Soups have been a mainstay in Russian cuisine for all of recorded history. In other countries young people might skip soup at lunch, but not in Russia. At home or at work, soup is an essential part of the mid-day meal.

So is it any surprise that soups make up the largest number of traditional Russian recipes? We’ll try to explain why.

But before we begin, it’s important to understand how soups in Russia differ from soups in European countries. Throughout history in Russia, the best kind of broth for both shchi (cabbage based soups) and pokhlyobki (vegetable soups) had a high fat content. This was more important than a strong flavor. Recipes for pureed soups are almost always borrowed from abroad — in fact, the word “soup” (суп) only appeared in Russia in the 18th century. When the ingredients include chopped cabbage or mushrooms, this almost always means that it is “authentically Russian.” And it’s almost certainly traditionally Russian if it includes sauerkraut, pickled cucumbers, and other salted vegetables.

Serving soup with sour cream is another a characteristic feature of our cuisine.


					Green sorrel soup.					 					Courtesy of authors
Green sorrel soup. Courtesy of authors

In the Soviet period there were no radical changes. The basic historical soup recipes were preserved (shchi, borscht, mushroom soup, noodle soup), and the tradition of modifying old dishes that began in the 19th century continued (for example, kalya turned into rassolnik, which is now usually Leningrad rassolnik).

One new trend in this period was the rapid assimilation of soups from the Union republics, such as kharcho, chikhirtma and shurpa.


					Georgian kharcho.					 					Courtesy of authors
Georgian kharcho. Courtesy of authors

Another trend was the use of new food products, such as a greater variety of canned goods (Pacific saury, salmon, pink salmon) and even the processed cheese called “Druzhba.” During that period healthful cooking was also introduced, which included the very popular milk-based soups in their many incarnations.

The variety of soups in Soviet cookery, especially in public eateries, was impressive. The first edition of “The Book of Tasty and Healthy Food” (1939) had 80 soups; in the 1954 edition there were more than a hundred. Among them: broths, bouillon-based soups, clear soups, pureed and milk-based soups and cold soups (based on kvass and boiled beets). And there were even recipes for soups made from berries and fruits.

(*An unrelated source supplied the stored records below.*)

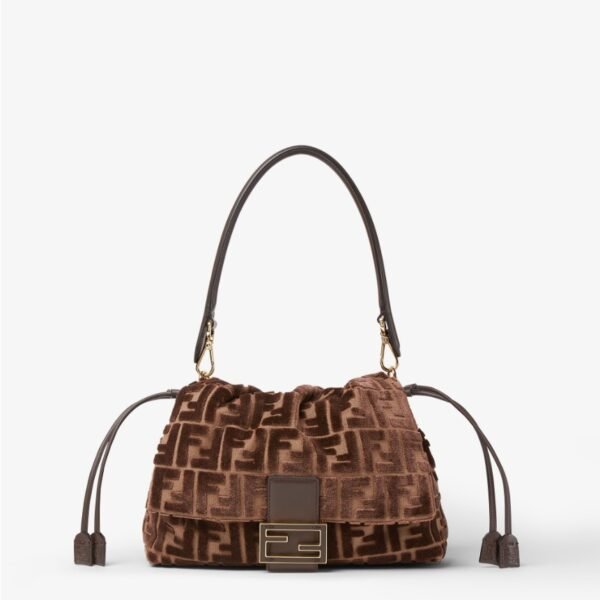 펜디 맘마 바게트 미디엄 8055052581634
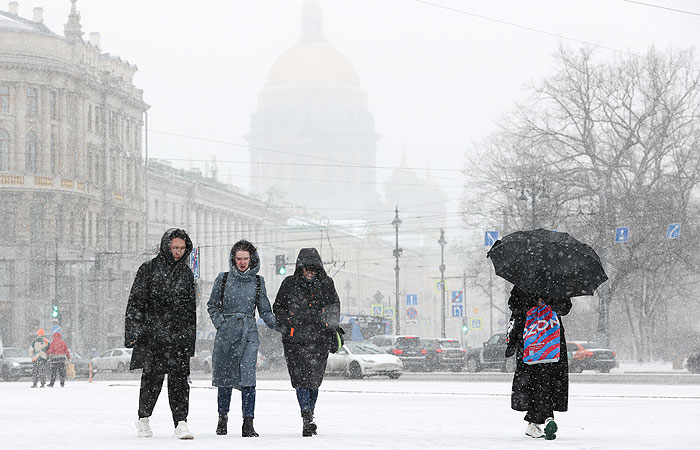 Более 10 см снега выпало в Петербурге к субботе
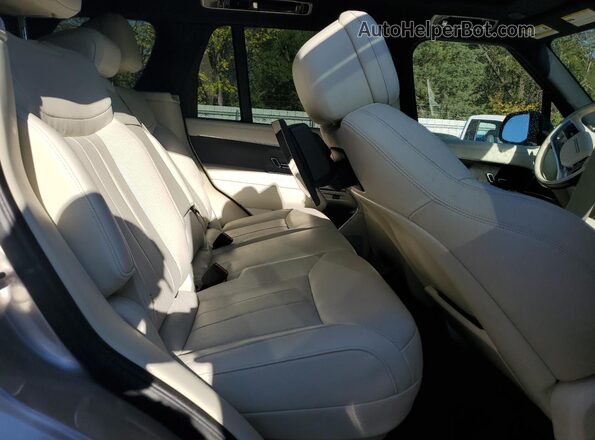 SALKP9E94RA223769 2024 LAND ROVER RANGE Gold უკანა სალონის ხედი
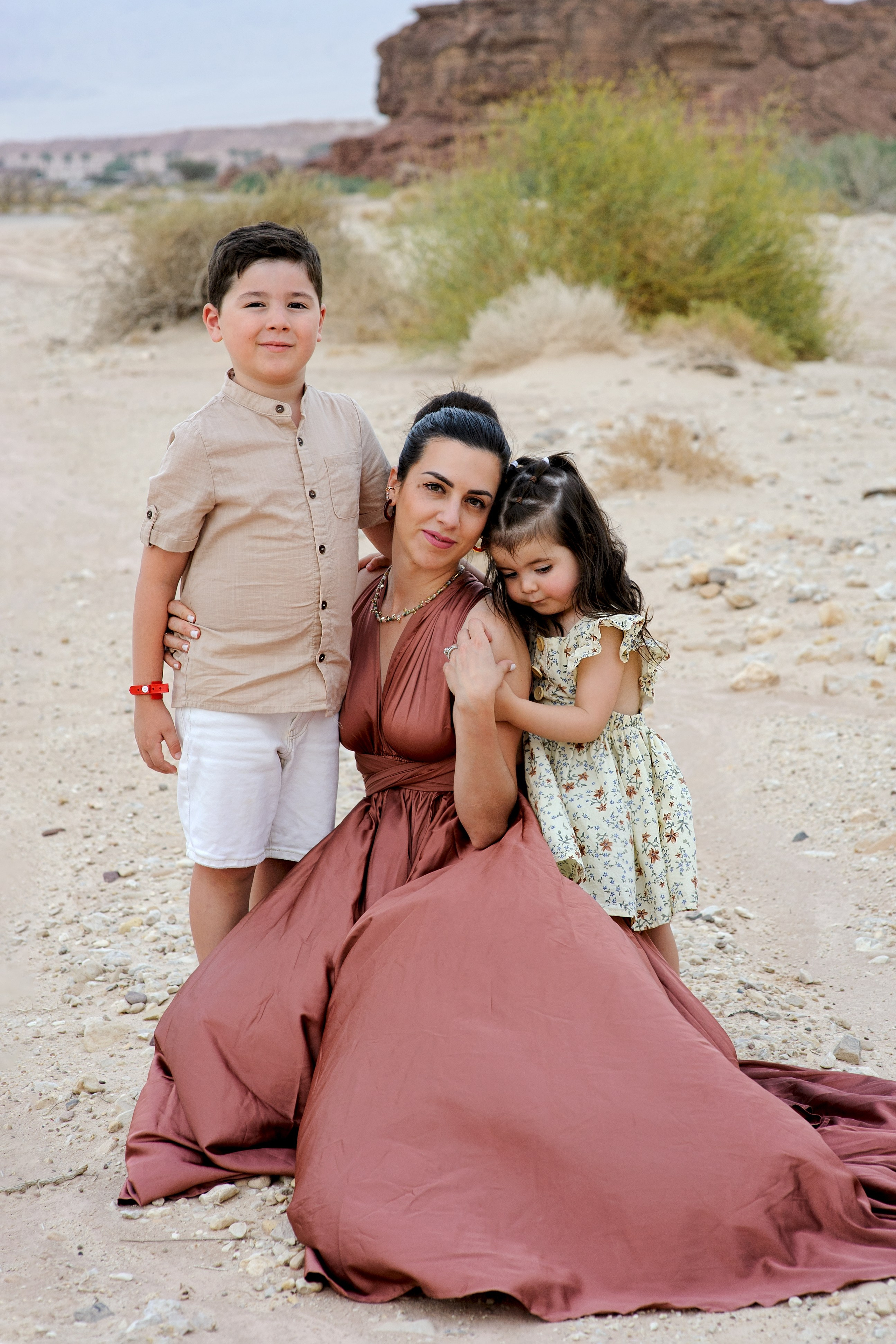 Family photoshooting in the Timna park_Laura&family. Family children pregnancy love stories photographer in Eilat Israel Olga Amchislavsky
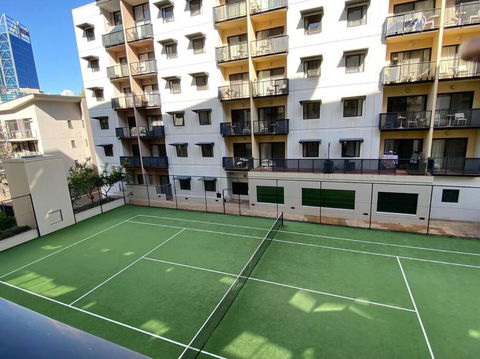 RIVERSIDE CITY VIEW PARKING NETFLIX WIFI WINE FREE - Accommodation Fremantle 3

					 Soup with zucchini and meatballs.					 					Courtesy of authors
 Soup with zucchini and meatballs. Courtesy of authors

But why are Russians so attached to all these soups? It’s a function of our history and geography. Perhaps each condition or circumstance on its own wasn’t enough to instill our passion for soups. But all together they made us fall in love.

First, we have a cold climate. Most of the year we really want to warm up. Hot vegetable soup with a high fat content is the perfect body warmer. Heat quickly spreads through the body from head to toe and restores strength — especially, to quote a favorite line from a Soviet movie, when it has “giblets on top.”

Second, the Russian diet is different from the European diet. Cheese, wine, seafood, fruit — this is the basis of the Mediterranean diet. There are vegetables and fruits in Russia, too, of course. But many can’t be eaten raw. Turnips aren’t soft to begin with, and if they weren’t able to ripen due to bad weather, even boiling won’t make them edible.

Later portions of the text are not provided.